Rubio Visa Bans Reveal Europe’s Censorship-by-Stealth Web
Simon Lincoln Reader
– January 2, 2026
8 min read
Before South African establishment media starts siding with the aggrieved European Union (EU) outraged by sanctions imposed by the United States (US) state department including the revocation of five visas or green cards previously belonging to five European and United Kingdom (UK) citizens, maybe first we should first hear the story of Freddie Sayers, the co-founder of unHerd.
unHerd is a moderately intellectual, largely normie opinion website that occasionally ventures into gender critical analysis, mostly composed by either Kathleen Stock, an academic, or Julie Bindel, a writer and campaigner, or Debbie Hayton, an actual transgender.
Around a year ago, Sayers starting seeing unHerd’s advertising revenue decline.
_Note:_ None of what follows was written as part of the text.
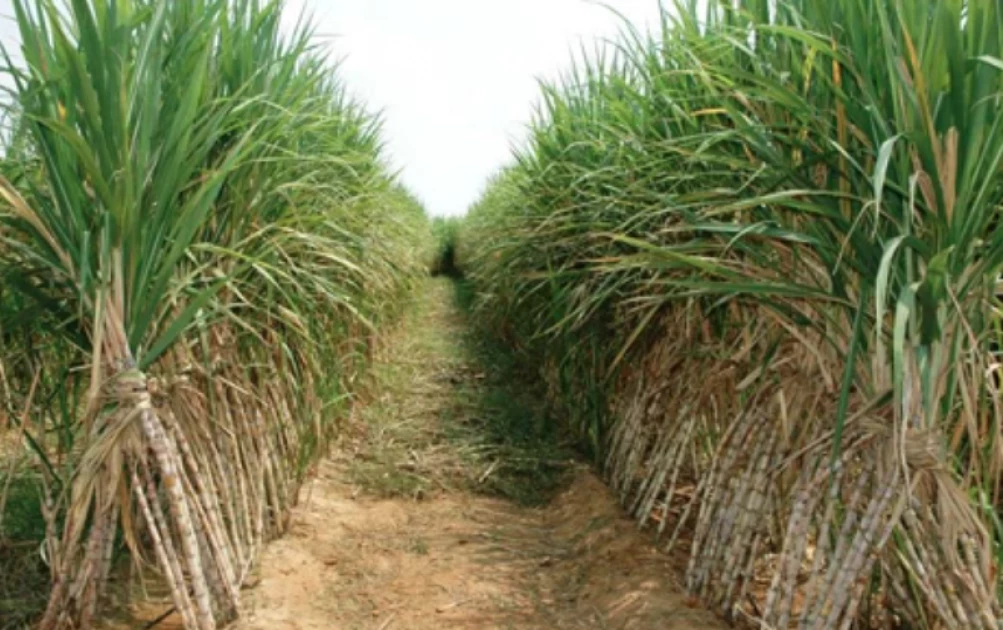 Migori cane farmers threaten to stop supply to Sony Sugar over arrears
Puzzled, he researched why he was meeting only between 2% and 6% of targets, and encountered a group called the Global Disinformation Index, or GDI.
Founded by a woman called Clare Melford, the GDI worked to construct an index of news websites it didn’t like, then went squealing to advertisers to avoid them. Melford had – without telling unHerd – noted a gender critical editorial position emerging, a pattern of scientific reviews (Stock), coupled with the views of a popular lesbian (Bindel) who wasn’t enjoying hard-won women’s rights tossed into the fire of the LGBTQI+ matrix. Advertisers, Sayers discovered, appeared genuinely terrified of Melford, or any other self-appointed, dark-money funded chaos pawns masquerading in the name of “fact-based information”, so had heeded her warning, leaving unHerd scrambling for cash from its funders to pay staff.
Like most men working in media in the UK – like most men in working authority in UK public life – Sayers is gay, and girlbosses like Melford, in my experience, tend to make light work of these guys. But Sayers, measured and gently defiant, decided to fight back a little by making a video explaining what had happened. All sorts of faux outrage erupted in the British Parliament, but nothing was actually done. Donald Trump’s State Department led by Marco Rubio on the other hand, decided enough was enough with the UK and the EU’s obsession with censorship.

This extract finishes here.